As rescue teams worked, a deeper question emerged: Why had so many young American Jews signed up for Birthright this summer despite the threat of war?

“Birthright is trying to instill an inherent connection to the land of Israel for diaspora Jews,” said Ezra Alpert, a recent ASU graduate and former Birthright participant.

He described the rise in participation as both emotional and intentional.

“The Jewish connection to the land of Israel has been relatively threatened through heightened antisemitic activity over the last couple of years,” Alpert said. “Americans and diaspora Jews feel more threatened than they have in decades – not just in their identity as Jews, but in their connection to Israel.”

Birthright provides an antidote.

“I think young Western Jews are yearning for some sort of connection to something that’s rooted in us all,” Alpert said. “People want to belong.”

Israel’s military operations in Gaza after Hamas attacked on Oct. 7, 2023, have left American Jews deeply divided.

“Jewish organizations are promoting very pro-Israel and pro-Zionist forums,” Alpert said. “But less religiously inclined Jews are seeing more anti-Israel messaging. It’s confusing. It feels like a zero-sum fight with no room for coexistence.”

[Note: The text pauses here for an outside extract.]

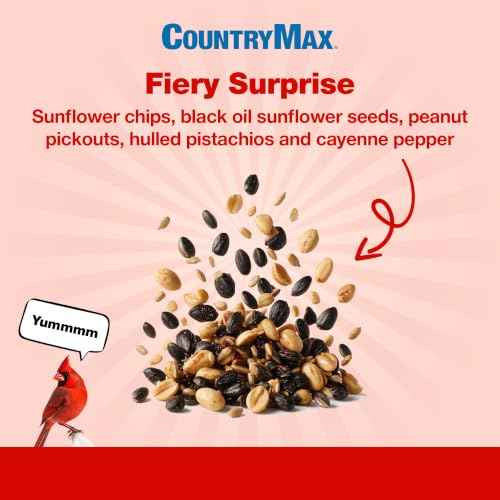 Backyard Seeds 14LB Fiery Surprise Spicy Bird Seed Blend (Fiery Surprise / 14 Pound (Pack of 1))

click to enlarge people outside a cruise ship
What began as a pilgrimage to Israel ended with more than 1,500 students stranded in Cyprus. Many were rushed out on cruise ships.
Courtesy of Liah Dolgin

Holding on to identity

Dolgin echoed that uncertainty but said the experience only strengthened her identity.

“Being in Israel during this time reminded me how important it is to stay proud of my Judaism when it’s being threatened,” she said. “There’s strength in staying connected.”

Alpert’s father, Rabbi Avi Alpert, echoed the concern – but also the importance of commitment.

“For a young Jew to show up real today, especially in a place as charged as Israel, means finding a connection that’s not defined by politics,” he said. “That starts in the community, around the Shabbat table, not on Twitter.”

The rabbi, who leads a congregation in Arizona, said he encourages students to find meaning in people, not policy.

“I tell them: Israeli government actions don’t define Judaism. Just like our own government doesn’t always represent us,” he said. “But I also remind them, don’t let global narratives erase what this place means to our people.”

Still, he acknowledged feeling uneasy about the current climate.

“As a parent, it’s terrifying,” he said. “I want my kids to feel safe, but I also think their desire to go, to witness it for themselves, is incredibly powerful. You can’t outsource experience.”

Not all Birthright participants witnessed missile strikes.

Some were relocated to hotels in Tel Aviv, Jerusalem and other smaller cities . Others waited out delays in lobbies. One trip leader called it “just a different chapter of the trip,” according to the Times of Israel.

Dinesman emphasized that Project DYNAMO avoids political alignment in its missions.

“We’re not here to talk about the strikes or who’s to blame,” he said. “We’re here to get people out. And we’ll come for anyone – not just Americans. If you need help, that’s all that matters.”

He reflected on his own connection to the region.

“My daughter’s coming to study” in Israel soon, he said. “We just learned we have 30 relatives who survived the Holocaust and rebuilt their lives in Israel. That connection outweighs the fear.”